Opinion

How US slow-walks weapons, how DEI wrecks our universities and other commentary

Eye on Israel: How US Slow-Walks Weapons

Team Biden’s “assertion of normalcy” on arming Israel “is easily refuted,” explains Michael Doran at Tablet.

Consider how “an order by Israel for Joint Direct Attack Munitions (JDAMs) — converter kits that turn ‘dumb’ bombs into ‘smart’ bombs” — came up for license last December, but is still under State Department review, along with multiple other sales.

“President Biden and his team are asking us to believe that when they arbitrarily place an arms shipment bound for Israel ‘under review,’ they are following routine procedures rather than denying weapons to Israel.”

In fact, the review process is “so convoluted that President Biden can place a transaction on hold simply by leaving it to rot in an interagency labyrinth of mandated reviews, verifications, and notifications.”

Current delays aren’t even about Rafah, but to deny Israelis “the ability to make long-term plans — namely, plans regarding Hezbollah and Iran.”

Culture critic: How DEI Wrecks Our Universities

“The clearest expression of what has gone wrong” with US universities is DEI, argues City Journal’s Christopher F. Rufo.

They use the idea of diversity to “justify a policy of sometimes explicit, sometimes implicit, racial discrimination.”

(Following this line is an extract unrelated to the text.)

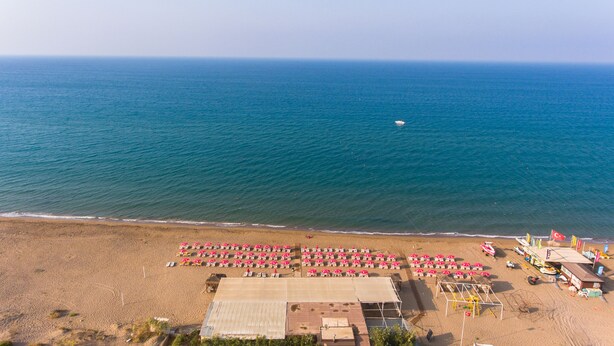An aerial view of a beach with rows of sun loungers and umbrellas, a small boat on the water, and a building with a roof. - Bellissima Hotel (Manavgat)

Equity means “categorizing individuals into group identities and assigning disparate treatment to members of those groups.”

And inclusion becomes a “justification for excluding people and ideas that are seen as a threat to prevailing ideologies and sentiments.”

“The degeneration of universities into centers of ideological activism — which American taxpayers are currently subsidizing — violates basic democratic principle.”

So it’s time to “abolish DEI,” to “prioritize merit over ancestry, and to govern by the principle of colorblind equality, rather than left-wing racialism.”

“And let the universities pursue their true mission, without ideological interference.”

Education beat: GOP Govs Must Shut Unneeded Schools

The COVID school closings were an “enormous” mistake, and red-state governors “deserve credit” for reopening them quickly, “over the objections of officials in Democratic cities,” recalls Michael J. Petrilli at The Wall Street Journal.

But now, with America’s birthrate collapsing (down 14% since 2007), many schools are half empty — but teachers unions and lefty leaders “are allergic” to closing them.

We need “laws that force districts” to promptly close some of them, and to require a school’s “performance be a major consideration” in choosing which ones.

The alternative is to “let left-wing officials mess it up, as they did during Covid. That’s too high a price for students to pay.”

White House watch: Voters’ No. 1 Question for the Debate

Despite “clear evidence that all is not well with the president, the White House — and its complicit legacy news media — are demanding the American people suspend reality and believe that Biden’s decline is a Republican conspiracy,” fumes USA Today’s Ingrid Jacques.

But, “Americans aren’t stupid,” and “they say in poll after poll that one of their top concerns is his age and mental decline — something we’ve all witnessed.” Biden’s handlers “have ensured that we’ve seen as few unscripted moments as possible,” e.g., “far fewer solo news conferences and interviews than other presidents in recent history.”

Cue Thursday’s debate, a ” high-stress situation, sans notes or teleprompter,” where “the American people can judge for themselves — free from White House or media spin — whether the president is fit for another four years.”

From the right: Biden’s Ultimate Cynicism

President Biden’s “agendas may have fundamentally changed the country for decades, if not longer — and will require tough remedies that may be almost as unpopular as the wreckage they wrought,” groans Victor Davis Hanson at American Greatness.

“Most Americans believe it is unhinged to deliberately destroy the border,” for one.

But how to “deal with 10 million illegal aliens who entered the US without audit or legality? . . . How would they be found and deported? How many court suits in blue-jurisdictions before blue judges would have to be overcome?”

The Bidenites “were confident” they could “force the next Republican administration to adopt such tough medicine that it would prove untenable politically.”